The President's Casual Remarks regarding Journalist's Murder Represents a Disturbing Development.
“Stuff occurs.” Just two words. That’s all it took for the US president to effectively dismiss what is probably the most notorious journalist killing of the last decade – and in so doing sank to a fresh depth in his disregard toward journalists, for the media – and for the truth.
Background Details
The US president’s dismissal of the killing of prominent journalist the Washington Post columnist came during a press conference with the Saudi crown prince, Mohammed bin Salman – a man whom the CIA found in a recent assessment had ordered the abduction and murder of the Washington Post columnist in 2018. (Prince Mohammed has denied involvement.)
The American spy agencies were not the sole entities to determine the murder – which occurred in the Saudi consulate in Turkey and in which the late journalist was drugged and dismembered – was approved at the top echelons. An investigation led by then UN special rapporteur, the UN investigator, reached comparable findings.
Global Reactions
For a brief period, governments were in agreement in their condemnation of Saudi Arabia’s actions. The United States imposed penalties and travel restrictions in 2021 over the killing, although it refrained of penalizing Prince Mohammed himself. Since then, the nation has been gradually restoring itself – and the crown prince’s visit to Washington seemed to be the ultimate sign of that rehabilitation.
White House Remarks
Critics of the government had roundly condemned the visit. But what was evident at the presidential residence was worse than could have been imagined. Not only did the president honor Prince Mohammed but he effectively rewrote history – and then blamed the victim. The crown prince, Trump asserted when asked, was unaware about the killing – in clear opposition to what his nation’s intelligence services determined four years ago. Moreover, the president said: “Many individuals disliked that person that you’re talking about, whether you approve of him or didn’t like him, things happen.”
Pattern of Behavior
This marks a new and abject low for a president who has made little secret of his disdain for the truth – or for the press. He has defamed reporters (he called ABC news, whose journalist asked the question about the journalist at the media event “fake news”), scolded them in open settings (he called one a “rude name” this week for asking about his relationship with the disgraced financier the convicted criminal), taken legal action against media organizations for large amounts of money in vexatious law suits, and called for news outlets he doesn’t like to be shut down.
He has forced established media out of the White House press pool for refusing to use language of his preference, and he has slashed funding for essential public media at domestically and vital independent media internationally.
Wider Consequences
All of that has created an atmosphere in which journalists are manifestly less safe in the US, but one in which their targeting – and indeed killing – becomes not just unimportant (“incidents occur”) but acceptable (“a lot of people disliked that person”).
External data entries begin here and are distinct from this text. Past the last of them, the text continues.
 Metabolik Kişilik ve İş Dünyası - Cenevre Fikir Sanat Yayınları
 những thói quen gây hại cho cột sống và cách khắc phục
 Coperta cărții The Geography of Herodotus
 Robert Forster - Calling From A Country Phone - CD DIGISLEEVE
It is unsurprising that 2024 was the most lethal year on record for the press in the over three decades the press freedom organization has been documenting this data: a persistent failure to hold those accountable for reporter murders has created a environment without consequences in which journalists’ killers are literally able to escape punishment and so continue to do so.
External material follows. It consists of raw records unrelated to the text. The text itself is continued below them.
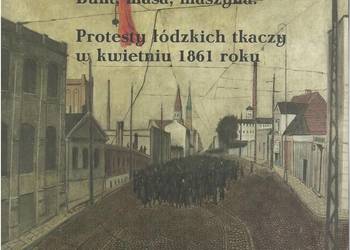 Bunt, masa, maszyna. Protesty łódzkich tkaczy w kwietniu 186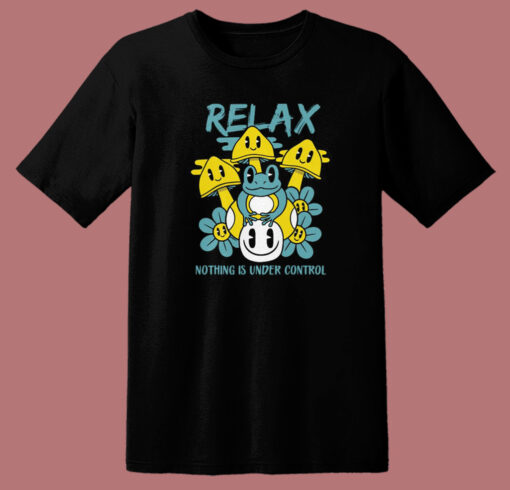 Relax Nothing Is Under Control T Shirt Style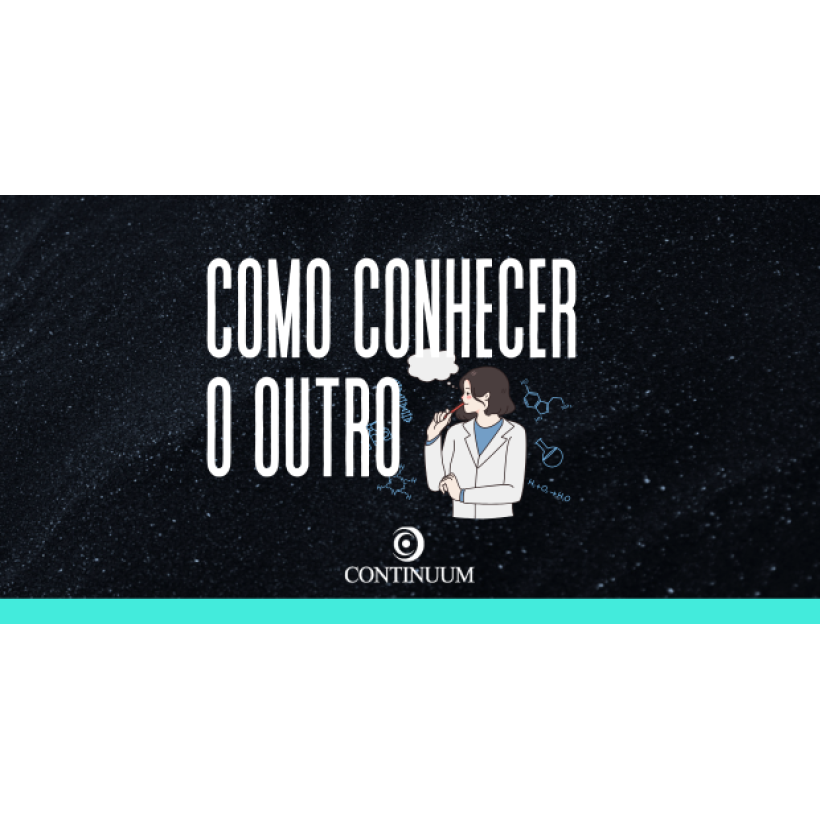 Como conhecer o outro?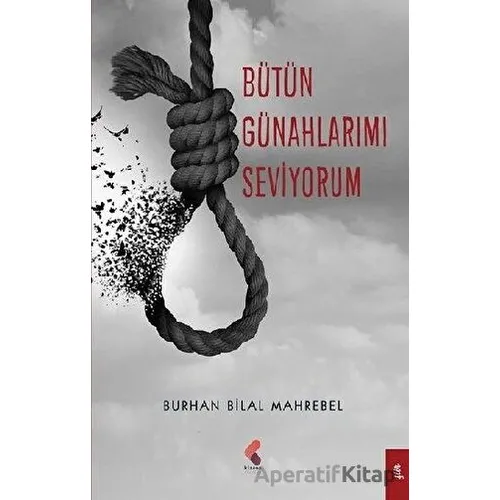 Bütün Günahlarımı Seviyorum - Burhan Bilal Mahrebel - Klaros Yayınları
In no place is this more evident than in the Middle Eastern nation, which is responsible for the deaths of more than 200 journalists in the past two years.
Societal Impact
The effect on the public is deep. Attacks on journalists are attacks on the truth. They are attacks on facts. They are attacks on our entitlement to information and on our liberty to live freely and securely.
This week, CPJ meets for its yearly global journalism honors. My message there is the same as my one for Trump: these things may occur. But it is our responsibility to make sure they do not.